AIM OF THE EXERCISE - Exact copy, no pictures: reproduce every record below as it stands.

Stored data entries
──────────

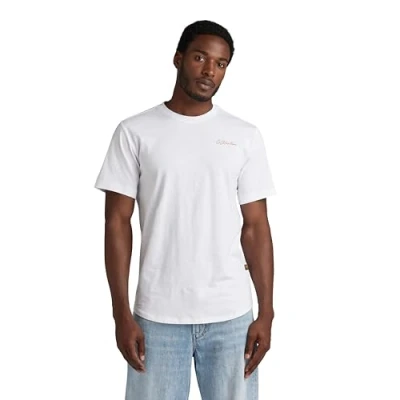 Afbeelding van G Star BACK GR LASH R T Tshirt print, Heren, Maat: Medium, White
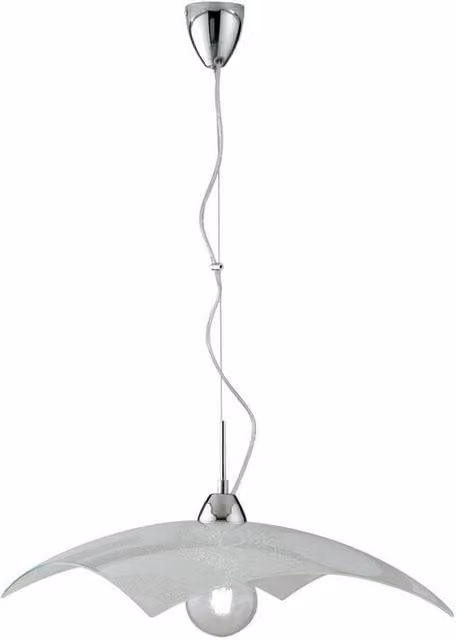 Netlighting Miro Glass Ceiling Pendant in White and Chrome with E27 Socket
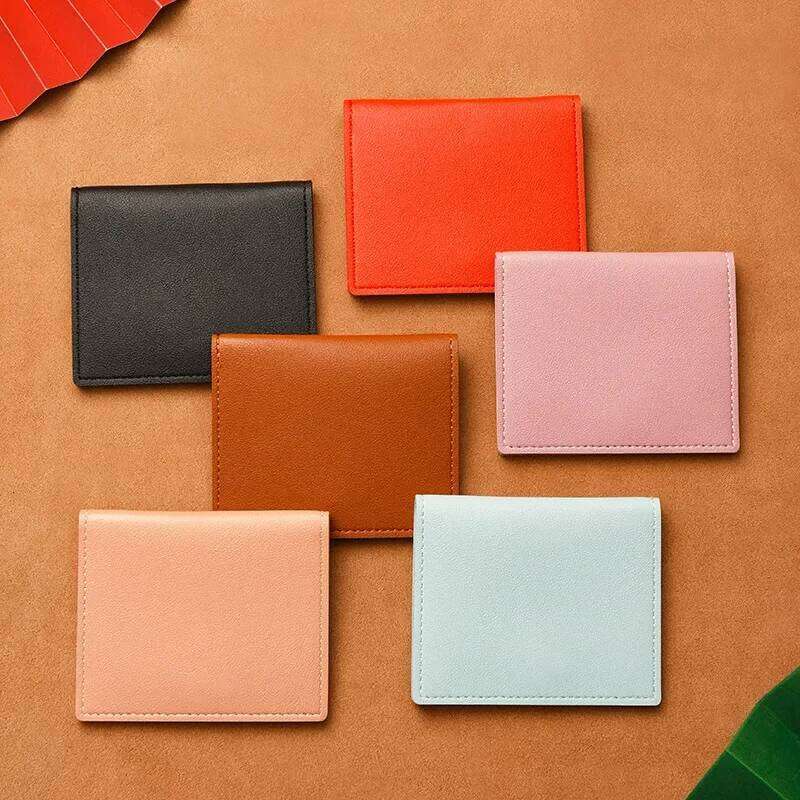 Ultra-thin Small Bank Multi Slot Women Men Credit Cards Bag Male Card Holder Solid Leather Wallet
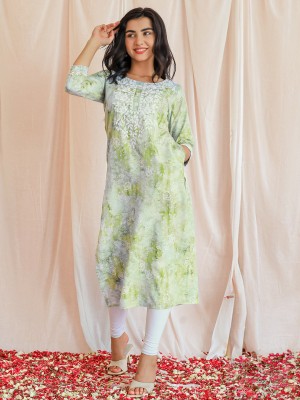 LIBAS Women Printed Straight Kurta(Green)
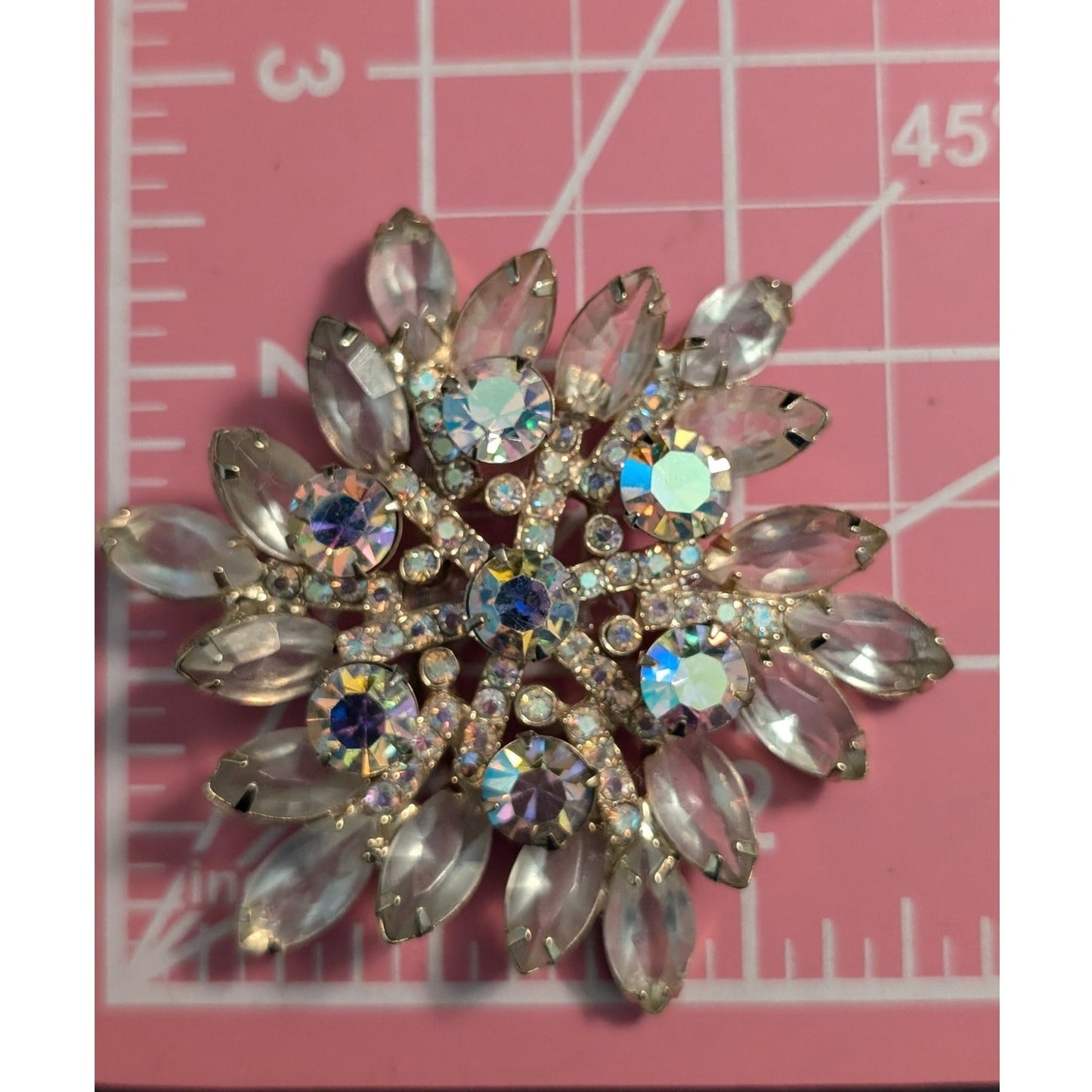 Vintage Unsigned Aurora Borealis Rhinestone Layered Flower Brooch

──────────

RESPONSE FOR THIS EXERCISE -
 Afbeelding van G Star BACK GR LASH R T Tshirt print, Heren, Maat: Medium, White
 Netlighting Miro Glass Ceiling Pendant in White and Chrome with E27 Socket
 Ultra-thin Small Bank Multi Slot Women Men Credit Cards Bag Male Card Holder Solid Leather Wallet
 LIBAS Women Printed Straight Kurta(Green)
 Vintage Unsigned Aurora Borealis Rhinestone Layered Flower Brooch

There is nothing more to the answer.